WORK TASK - Please find the line that holds "siyah elbiseli yürüyen" below and reproduce it, along with every line after it through the end, exactly and without pictures.

==== SUPPLIED DATA

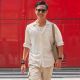 featuring-man-wearing-glasses-white-shirt-beige-shorts-walking-street-with-red-walls (1) (1)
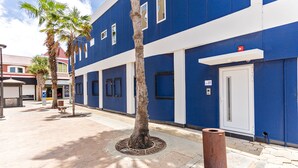Een blauw gebouw met een witte deur, palmbomen en een afvalbak op de stoep.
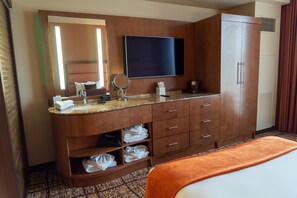 Un baño de hotel con un espejo grande, un televisor de pantalla plana, un lavamanos y un armario.
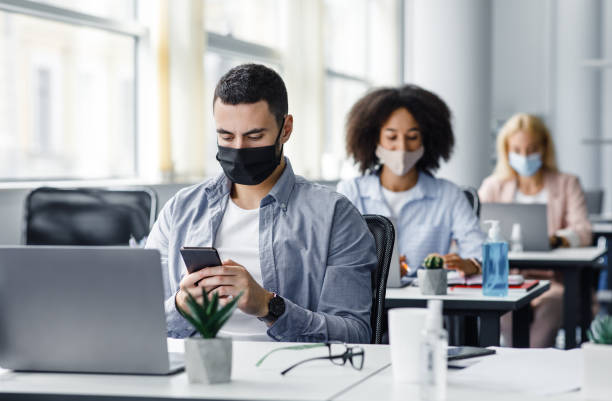 istock Modern gadgets for working with clients remotely from office after quarantine. Arabic young guy in protective mask typing on smartphone at table with laptop 1281654745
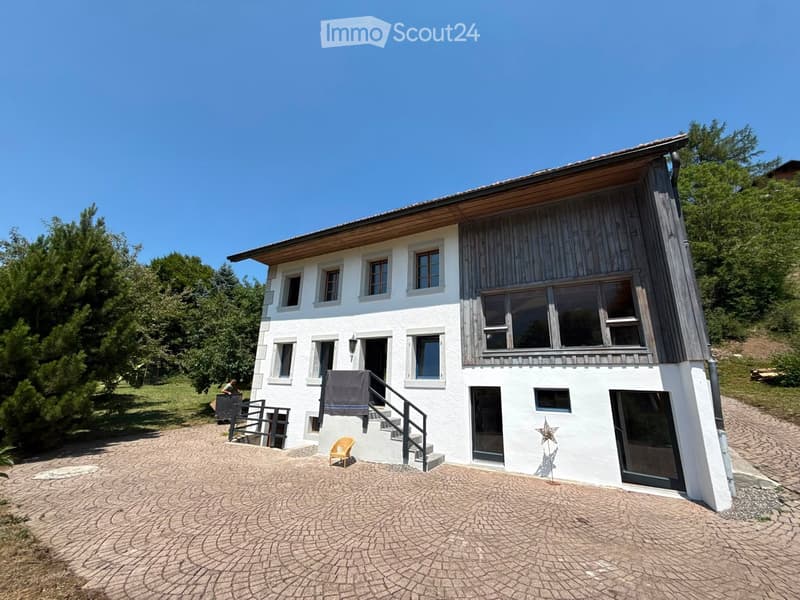 Two-story house with white walls, wooden accents, multiple windows, and a raised ground floor entrance with steps.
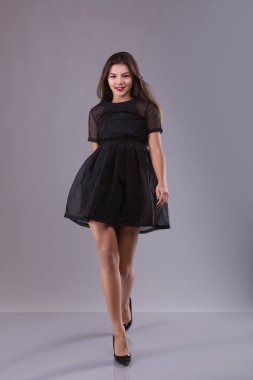 siyah elbiseli yürüyen esmer kadın görünümünü iletmek. hareket gülümseyen kız güzel. frontview bir insan. gri arka plan üzerinde. Görünüm insanlar koleksiyonu.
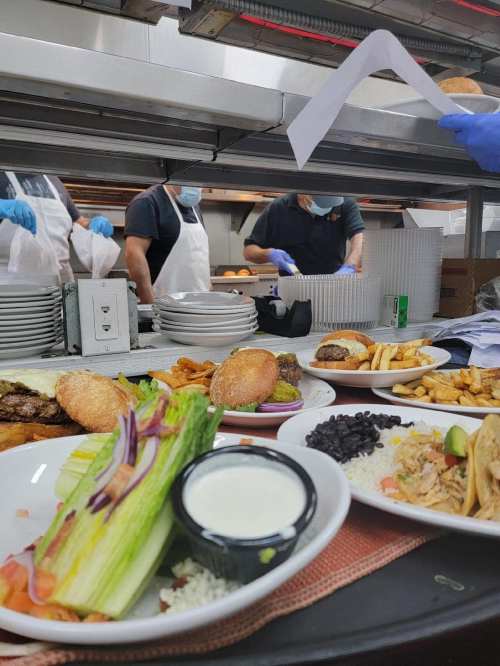 A busy kitchen scene with plates of food in the foreground and chefs preparing meals in the background.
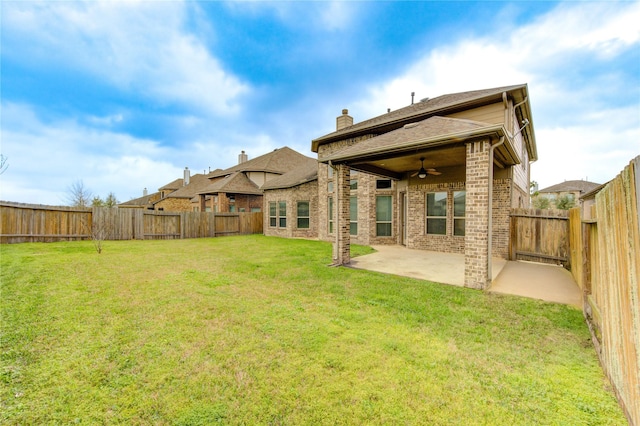 rear view of property with brick siding, a lawn, a patio, and ceiling fan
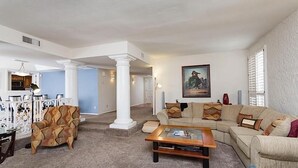 Ein geräumiges Wohnzimmer mit einer Eckcouch, einem Couchtisch und einem gemusterten Sessel.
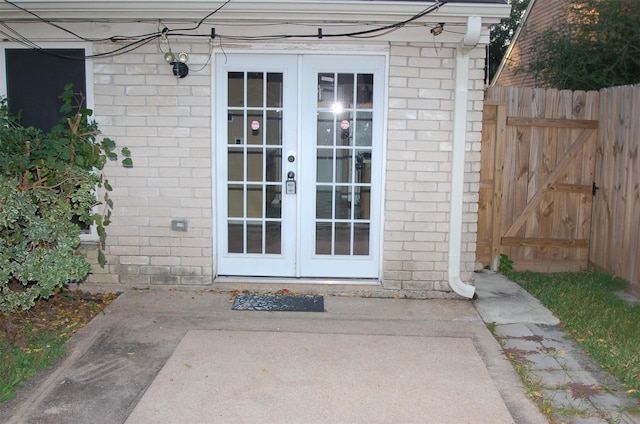 doorway to property featuring a patio area and french doors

========

SOLUTION -
 siyah elbiseli yürüyen esmer kadın görünümünü iletmek. hareket gülümseyen kız güzel. frontview bir insan. gri arka plan üzerinde. Görünüm insanlar koleksiyonu.
 A busy kitchen scene with plates of food in the foreground and chefs preparing meals in the background.
 rear view of property with brick siding, a lawn, a patio, and ceiling fan
 Ein geräumiges Wohnzimmer mit einer Eckcouch, einem Couchtisch und einem gemusterten Sessel.
 doorway to property featuring a patio area and french doors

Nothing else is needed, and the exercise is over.